> _WHAT TO PRODUCE_: Present the following data again exactly as it is shown.

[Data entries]
[Start of Attachment]
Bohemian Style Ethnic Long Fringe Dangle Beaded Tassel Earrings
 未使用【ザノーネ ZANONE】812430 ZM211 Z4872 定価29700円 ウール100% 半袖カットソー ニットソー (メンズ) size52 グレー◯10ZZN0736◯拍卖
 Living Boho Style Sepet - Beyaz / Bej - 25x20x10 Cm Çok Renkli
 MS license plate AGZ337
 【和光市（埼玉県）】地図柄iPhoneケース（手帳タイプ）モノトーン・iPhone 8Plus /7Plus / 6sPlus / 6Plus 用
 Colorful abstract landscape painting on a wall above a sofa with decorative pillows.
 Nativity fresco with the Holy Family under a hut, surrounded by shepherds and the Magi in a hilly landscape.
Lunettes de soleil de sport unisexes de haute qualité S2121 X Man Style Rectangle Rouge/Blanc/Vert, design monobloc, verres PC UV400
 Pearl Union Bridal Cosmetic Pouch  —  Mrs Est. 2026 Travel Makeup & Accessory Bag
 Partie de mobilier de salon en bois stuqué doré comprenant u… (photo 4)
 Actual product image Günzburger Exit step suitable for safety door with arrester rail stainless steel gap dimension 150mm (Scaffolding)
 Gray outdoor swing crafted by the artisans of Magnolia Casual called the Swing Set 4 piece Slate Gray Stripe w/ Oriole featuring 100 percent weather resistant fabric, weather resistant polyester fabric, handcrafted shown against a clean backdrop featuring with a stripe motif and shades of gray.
[End of Attachment]
> _SOLUTION TO THIS PROBLEM_:
Bohemian Style Ethnic Long Fringe Dangle Beaded Tassel Earrings
 未使用【ザノーネ ZANONE】812430 ZM211 Z4872 定価29700円 ウール100% 半袖カットソー ニットソー (メンズ) size52 グレー◯10ZZN0736◯拍卖
 Living Boho Style Sepet - Beyaz / Bej - 25x20x10 Cm Çok Renkli
 MS license plate AGZ337
 【和光市（埼玉県）】地図柄iPhoneケース（手帳タイプ）モノトーン・iPhone 8Plus /7Plus / 6sPlus / 6Plus 用
 Colorful abstract landscape painting on a wall above a sofa with decorative pillows.
 Nativity fresco with the Holy Family under a hut, surrounded by shepherds and the Magi in a hilly landscape.
Lunettes de soleil de sport unisexes de haute qualité S2121 X Man Style Rectangle Rouge/Blanc/Vert, design monobloc, verres PC UV400
 Pearl Union Bridal Cosmetic Pouch  —  Mrs Est. 2026 Travel Makeup & Accessory Bag
 Partie de mobilier de salon en bois stuqué doré comprenant u… (photo 4)
 Actual product image Günzburger Exit step suitable for safety door with arrester rail stainless steel gap dimension 150mm (Scaffolding)
 Gray outdoor swing crafted by the artisans of Magnolia Casual called the Swing Set 4 piece Slate Gray Stripe w/ Oriole featuring 100 percent weather resistant fabric, weather resistant polyester fabric, handcrafted shown against a clean backdrop featuring with a stripe motif and shades of gray.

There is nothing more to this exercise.